[Records from a dataset]
+--

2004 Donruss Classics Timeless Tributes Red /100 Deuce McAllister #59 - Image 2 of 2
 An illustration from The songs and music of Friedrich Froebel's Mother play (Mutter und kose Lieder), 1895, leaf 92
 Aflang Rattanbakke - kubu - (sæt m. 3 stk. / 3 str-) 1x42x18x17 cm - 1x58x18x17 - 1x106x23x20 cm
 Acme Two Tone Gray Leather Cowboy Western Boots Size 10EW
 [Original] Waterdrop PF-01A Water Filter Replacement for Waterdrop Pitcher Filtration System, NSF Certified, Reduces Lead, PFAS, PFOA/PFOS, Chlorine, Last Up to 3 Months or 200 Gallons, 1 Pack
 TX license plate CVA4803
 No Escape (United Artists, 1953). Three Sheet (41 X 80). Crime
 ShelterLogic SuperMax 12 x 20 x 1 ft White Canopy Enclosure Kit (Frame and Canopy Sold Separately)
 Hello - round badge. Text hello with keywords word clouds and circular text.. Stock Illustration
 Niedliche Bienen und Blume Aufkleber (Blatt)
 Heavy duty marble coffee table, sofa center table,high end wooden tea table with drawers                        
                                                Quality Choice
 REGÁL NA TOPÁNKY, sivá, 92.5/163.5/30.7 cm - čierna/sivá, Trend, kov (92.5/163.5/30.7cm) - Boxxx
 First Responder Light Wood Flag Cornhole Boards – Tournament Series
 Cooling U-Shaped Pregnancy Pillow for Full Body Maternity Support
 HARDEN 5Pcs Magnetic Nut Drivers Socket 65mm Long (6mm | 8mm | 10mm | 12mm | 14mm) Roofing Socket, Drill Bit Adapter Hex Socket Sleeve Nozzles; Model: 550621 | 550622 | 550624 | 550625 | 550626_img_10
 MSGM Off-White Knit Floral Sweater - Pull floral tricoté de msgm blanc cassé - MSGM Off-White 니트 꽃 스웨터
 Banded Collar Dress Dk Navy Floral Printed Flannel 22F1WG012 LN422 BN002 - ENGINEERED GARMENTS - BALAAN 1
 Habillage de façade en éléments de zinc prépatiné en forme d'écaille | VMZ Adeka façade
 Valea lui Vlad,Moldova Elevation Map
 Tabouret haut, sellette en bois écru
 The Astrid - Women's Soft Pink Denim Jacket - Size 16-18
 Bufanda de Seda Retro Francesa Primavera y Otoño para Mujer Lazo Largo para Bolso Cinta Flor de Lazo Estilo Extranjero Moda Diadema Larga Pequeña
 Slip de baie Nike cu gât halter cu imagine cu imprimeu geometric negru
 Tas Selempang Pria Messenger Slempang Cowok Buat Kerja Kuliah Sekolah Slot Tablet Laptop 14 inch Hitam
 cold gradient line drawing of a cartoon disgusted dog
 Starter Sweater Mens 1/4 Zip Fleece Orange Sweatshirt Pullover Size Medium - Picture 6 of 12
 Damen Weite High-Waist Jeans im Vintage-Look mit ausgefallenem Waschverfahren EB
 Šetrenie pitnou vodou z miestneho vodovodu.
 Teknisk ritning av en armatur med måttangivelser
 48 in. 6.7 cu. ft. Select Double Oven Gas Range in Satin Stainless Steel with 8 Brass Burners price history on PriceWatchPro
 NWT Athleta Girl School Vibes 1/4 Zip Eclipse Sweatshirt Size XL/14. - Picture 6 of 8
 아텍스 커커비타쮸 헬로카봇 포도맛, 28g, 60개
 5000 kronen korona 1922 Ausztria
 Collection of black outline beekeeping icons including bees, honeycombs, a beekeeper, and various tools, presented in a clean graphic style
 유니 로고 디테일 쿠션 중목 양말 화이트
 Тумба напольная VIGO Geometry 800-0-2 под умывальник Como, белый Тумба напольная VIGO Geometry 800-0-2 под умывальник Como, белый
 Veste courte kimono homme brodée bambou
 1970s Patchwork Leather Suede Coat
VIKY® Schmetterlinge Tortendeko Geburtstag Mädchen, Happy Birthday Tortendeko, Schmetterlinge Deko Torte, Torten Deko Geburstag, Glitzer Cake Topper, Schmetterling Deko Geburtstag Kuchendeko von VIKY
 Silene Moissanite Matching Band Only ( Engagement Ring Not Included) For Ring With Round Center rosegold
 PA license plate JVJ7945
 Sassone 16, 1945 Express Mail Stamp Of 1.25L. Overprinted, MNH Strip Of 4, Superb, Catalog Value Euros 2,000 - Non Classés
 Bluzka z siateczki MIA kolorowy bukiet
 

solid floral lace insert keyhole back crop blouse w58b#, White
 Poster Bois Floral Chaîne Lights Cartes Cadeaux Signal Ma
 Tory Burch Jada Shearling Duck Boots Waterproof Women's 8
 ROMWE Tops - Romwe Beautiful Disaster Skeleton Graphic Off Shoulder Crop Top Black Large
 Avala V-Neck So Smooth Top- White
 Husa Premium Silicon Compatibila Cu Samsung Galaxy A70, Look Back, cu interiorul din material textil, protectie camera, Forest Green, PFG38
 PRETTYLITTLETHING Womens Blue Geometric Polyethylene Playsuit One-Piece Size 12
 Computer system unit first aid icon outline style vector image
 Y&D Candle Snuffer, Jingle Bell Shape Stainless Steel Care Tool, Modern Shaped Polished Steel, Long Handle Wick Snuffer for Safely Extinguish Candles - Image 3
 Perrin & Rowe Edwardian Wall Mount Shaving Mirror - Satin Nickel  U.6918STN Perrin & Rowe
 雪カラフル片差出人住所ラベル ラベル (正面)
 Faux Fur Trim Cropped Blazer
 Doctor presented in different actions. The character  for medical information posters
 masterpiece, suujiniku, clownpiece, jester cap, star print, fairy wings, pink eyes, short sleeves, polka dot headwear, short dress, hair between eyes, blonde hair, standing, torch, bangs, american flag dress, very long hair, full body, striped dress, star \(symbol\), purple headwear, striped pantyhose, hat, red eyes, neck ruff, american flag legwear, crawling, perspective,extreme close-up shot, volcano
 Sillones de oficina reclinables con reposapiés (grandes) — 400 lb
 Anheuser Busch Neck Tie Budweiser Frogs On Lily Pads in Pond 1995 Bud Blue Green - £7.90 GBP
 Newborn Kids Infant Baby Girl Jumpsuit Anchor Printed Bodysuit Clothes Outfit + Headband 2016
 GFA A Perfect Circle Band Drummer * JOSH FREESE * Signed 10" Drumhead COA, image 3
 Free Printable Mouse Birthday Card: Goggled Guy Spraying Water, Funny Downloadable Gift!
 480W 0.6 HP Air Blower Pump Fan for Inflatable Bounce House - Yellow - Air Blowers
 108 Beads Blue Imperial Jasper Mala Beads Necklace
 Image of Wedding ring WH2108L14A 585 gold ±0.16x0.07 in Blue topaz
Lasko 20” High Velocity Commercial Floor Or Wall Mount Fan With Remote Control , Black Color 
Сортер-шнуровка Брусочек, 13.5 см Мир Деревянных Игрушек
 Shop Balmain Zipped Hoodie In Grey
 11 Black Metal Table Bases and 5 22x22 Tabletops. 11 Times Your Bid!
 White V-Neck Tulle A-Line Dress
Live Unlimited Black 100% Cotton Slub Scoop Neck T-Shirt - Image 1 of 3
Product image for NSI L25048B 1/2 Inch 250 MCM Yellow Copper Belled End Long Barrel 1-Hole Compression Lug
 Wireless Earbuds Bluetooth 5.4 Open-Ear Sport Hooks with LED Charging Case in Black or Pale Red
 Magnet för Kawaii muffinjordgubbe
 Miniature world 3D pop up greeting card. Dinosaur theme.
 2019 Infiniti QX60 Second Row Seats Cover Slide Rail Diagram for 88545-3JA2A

+--

TASK DIRECTIONS: Would you give the entries back word for word?

COMPLETED TASK:
2004 Donruss Classics Timeless Tributes Red /100 Deuce McAllister #59 - Image 2 of 2
 An illustration from The songs and music of Friedrich Froebel's Mother play (Mutter und kose Lieder), 1895, leaf 92
 Aflang Rattanbakke - kubu - (sæt m. 3 stk. / 3 str-) 1x42x18x17 cm - 1x58x18x17 - 1x106x23x20 cm
 Acme Two Tone Gray Leather Cowboy Western Boots Size 10EW
 [Original] Waterdrop PF-01A Water Filter Replacement for Waterdrop Pitcher Filtration System, NSF Certified, Reduces Lead, PFAS, PFOA/PFOS, Chlorine, Last Up to 3 Months or 200 Gallons, 1 Pack
 TX license plate CVA4803
 No Escape (United Artists, 1953). Three Sheet (41 X 80). Crime
 ShelterLogic SuperMax 12 x 20 x 1 ft White Canopy Enclosure Kit (Frame and Canopy Sold Separately)
 Hello - round badge. Text hello with keywords word clouds and circular text.. Stock Illustration
 Niedliche Bienen und Blume Aufkleber (Blatt)
 Heavy duty marble coffee table, sofa center table,high end wooden tea table with drawers                        
                                                Quality Choice
 REGÁL NA TOPÁNKY, sivá, 92.5/163.5/30.7 cm - čierna/sivá, Trend, kov (92.5/163.5/30.7cm) - Boxxx
 First Responder Light Wood Flag Cornhole Boards – Tournament Series
 Cooling U-Shaped Pregnancy Pillow for Full Body Maternity Support
 HARDEN 5Pcs Magnetic Nut Drivers Socket 65mm Long (6mm | 8mm | 10mm | 12mm | 14mm) Roofing Socket, Drill Bit Adapter Hex Socket Sleeve Nozzles; Model: 550621 | 550622 | 550624 | 550625 | 550626_img_10
 MSGM Off-White Knit Floral Sweater - Pull floral tricoté de msgm blanc cassé - MSGM Off-White 니트 꽃 스웨터
 Banded Collar Dress Dk Navy Floral Printed Flannel 22F1WG012 LN422 BN002 - ENGINEERED GARMENTS - BALAAN 1
 Habillage de façade en éléments de zinc prépatiné en forme d'écaille | VMZ Adeka façade
 Valea lui Vlad,Moldova Elevation Map
 Tabouret haut, sellette en bois écru
 The Astrid - Women's Soft Pink Denim Jacket - Size 16-18
 Bufanda de Seda Retro Francesa Primavera y Otoño para Mujer Lazo Largo para Bolso Cinta Flor de Lazo Estilo Extranjero Moda Diadema Larga Pequeña
 Slip de baie Nike cu gât halter cu imagine cu imprimeu geometric negru
 Tas Selempang Pria Messenger Slempang Cowok Buat Kerja Kuliah Sekolah Slot Tablet Laptop 14 inch Hitam
 cold gradient line drawing of a cartoon disgusted dog
 Starter Sweater Mens 1/4 Zip Fleece Orange Sweatshirt Pullover Size Medium - Picture 6 of 12
 Damen Weite High-Waist Jeans im Vintage-Look mit ausgefallenem Waschverfahren EB
 Šetrenie pitnou vodou z miestneho vodovodu.
 Teknisk ritning av en armatur med måttangivelser
 48 in. 6.7 cu. ft. Select Double Oven Gas Range in Satin Stainless Steel with 8 Brass Burners price history on PriceWatchPro
 NWT Athleta Girl School Vibes 1/4 Zip Eclipse Sweatshirt Size XL/14. - Picture 6 of 8
 아텍스 커커비타쮸 헬로카봇 포도맛, 28g, 60개
 5000 kronen korona 1922 Ausztria
 Collection of black outline beekeeping icons including bees, honeycombs, a beekeeper, and various tools, presented in a clean graphic style
 유니 로고 디테일 쿠션 중목 양말 화이트
 Тумба напольная VIGO Geometry 800-0-2 под умывальник Como, белый Тумба напольная VIGO Geometry 800-0-2 под умывальник Como, белый
 Veste courte kimono homme brodée bambou
 1970s Patchwork Leather Suede Coat
VIKY® Schmetterlinge Tortendeko Geburtstag Mädchen, Happy Birthday Tortendeko, Schmetterlinge Deko Torte, Torten Deko Geburstag, Glitzer Cake Topper, Schmetterling Deko Geburtstag Kuchendeko von VIKY
 Silene Moissanite Matching Band Only ( Engagement Ring Not Included) For Ring With Round Center rosegold
 PA license plate JVJ7945
 Sassone 16, 1945 Express Mail Stamp Of 1.25L. Overprinted, MNH Strip Of 4, Superb, Catalog Value Euros 2,000 - Non Classés
 Bluzka z siateczki MIA kolorowy bukiet
 

solid floral lace insert keyhole back crop blouse w58b#, White
 Poster Bois Floral Chaîne Lights Cartes Cadeaux Signal Ma
 Tory Burch Jada Shearling Duck Boots Waterproof Women's 8
 ROMWE Tops - Romwe Beautiful Disaster Skeleton Graphic Off Shoulder Crop Top Black Large
 Avala V-Neck So Smooth Top- White
 Husa Premium Silicon Compatibila Cu Samsung Galaxy A70, Look Back, cu interiorul din material textil, protectie camera, Forest Green, PFG38
 PRETTYLITTLETHING Womens Blue Geometric Polyethylene Playsuit One-Piece Size 12
 Computer system unit first aid icon outline style vector image
 Y&D Candle Snuffer, Jingle Bell Shape Stainless Steel Care Tool, Modern Shaped Polished Steel, Long Handle Wick Snuffer for Safely Extinguish Candles - Image 3
 Perrin & Rowe Edwardian Wall Mount Shaving Mirror - Satin Nickel  U.6918STN Perrin & Rowe
 雪カラフル片差出人住所ラベル ラベル (正面)
 Faux Fur Trim Cropped Blazer
 Doctor presented in different actions. The character  for medical information posters
 masterpiece, suujiniku, clownpiece, jester cap, star print, fairy wings, pink eyes, short sleeves, polka dot headwear, short dress, hair between eyes, blonde hair, standing, torch, bangs, american flag dress, very long hair, full body, striped dress, star \(symbol\), purple headwear, striped pantyhose, hat, red eyes, neck ruff, american flag legwear, crawling, perspective,extreme close-up shot, volcano
 Sillones de oficina reclinables con reposapiés (grandes) — 400 lb
 Anheuser Busch Neck Tie Budweiser Frogs On Lily Pads in Pond 1995 Bud Blue Green - £7.90 GBP
 Newborn Kids Infant Baby Girl Jumpsuit Anchor Printed Bodysuit Clothes Outfit + Headband 2016
 GFA A Perfect Circle Band Drummer * JOSH FREESE * Signed 10" Drumhead COA, image 3
 Free Printable Mouse Birthday Card: Goggled Guy Spraying Water, Funny Downloadable Gift!
 480W 0.6 HP Air Blower Pump Fan for Inflatable Bounce House - Yellow - Air Blowers
 108 Beads Blue Imperial Jasper Mala Beads Necklace
 Image of Wedding ring WH2108L14A 585 gold ±0.16x0.07 in Blue topaz
Lasko 20” High Velocity Commercial Floor Or Wall Mount Fan With Remote Control , Black Color 
Сортер-шнуровка Брусочек, 13.5 см Мир Деревянных Игрушек
 Shop Balmain Zipped Hoodie In Grey
 11 Black Metal Table Bases and 5 22x22 Tabletops. 11 Times Your Bid!
 White V-Neck Tulle A-Line Dress
Live Unlimited Black 100% Cotton Slub Scoop Neck T-Shirt - Image 1 of 3
Product image for NSI L25048B 1/2 Inch 250 MCM Yellow Copper Belled End Long Barrel 1-Hole Compression Lug
 Wireless Earbuds Bluetooth 5.4 Open-Ear Sport Hooks with LED Charging Case in Black or Pale Red
 Magnet för Kawaii muffinjordgubbe
 Miniature world 3D pop up greeting card. Dinosaur theme.
 2019 Infiniti QX60 Second Row Seats Cover Slide Rail Diagram for 88545-3JA2A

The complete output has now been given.